LTK: Are there situations in which the "Divorce Buddy System" approach will not be successful?
Sure. It is not for everyone. It only works for reasonable people. Many people are unable to see the other side of an issue and the book will not help them. Being unwilling to do what it takes is a non-issue because if you can do it, you will do it. The alternative will be unacceptable.
LTK: What advice do you have for people who are contemplating a divorce?
- Understand that your spouse will see things differently from the way you do. Accept the fact that you will never be able to change his or her mind. It is impossible, so don't annoy them by trying.
- Keep an open mind to their settlement thoughts and let them you have made room in your mind for their concerns.
- Do more listening than talking and repeat their words back to them. This establishes that you care and that their view is important to you.
- Treat everything they say and think with respect and understanding.
- Always wait until it is your turn to speak.
- Never argue with them about anything.
- When it is appropriate for you to express your disagreement, wait until it is safe to do so, and then proceed with the utmost diplomacy.
- Do not blame, criticize, or challenge them.
- Be patient. It takes time to settle a divorce case. We all fell a lot when we were first learning to walk. See this as the same thing. It is not meant to happen in one shot.
- Stay focused and calm when your spouse rejects your proposal. There are usually a few NO'S before you can expect a YES.

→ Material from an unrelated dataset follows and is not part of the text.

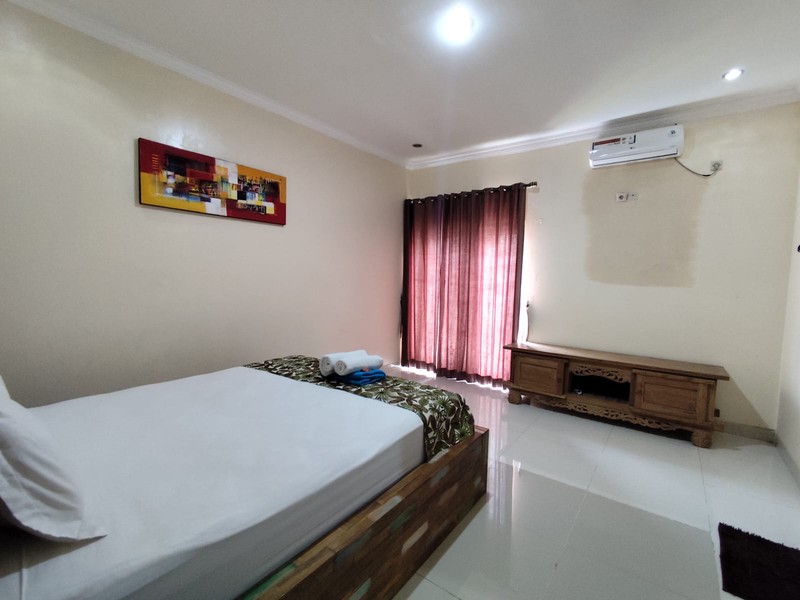 Investasi Cerdas Dijual Homestay Aktif Hunian Mewah 2 Lantai Dekat Ring Road & JCM, Sendangadi, Mlati, Sleman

- Keep in the back of your mind that this is not about who is right or wrong, this is about your money and not throwing it away. Nothing else matters. You can always get mad later when it doesn't cost so much.
- Expect your spouse to lose it. Be ready to be insulted, blamed, yelled at, threatened, etc. and do not go nuts when it happens. Their behavior is predictable and does not count. The only thing that matters is how you react to the rage. The ideal reaction calls for you to speak slowly and no louder than normal. Ignore their outburst, as if it never happened.
- Do your best. Your family, your sanity, and your wallet are counting on you.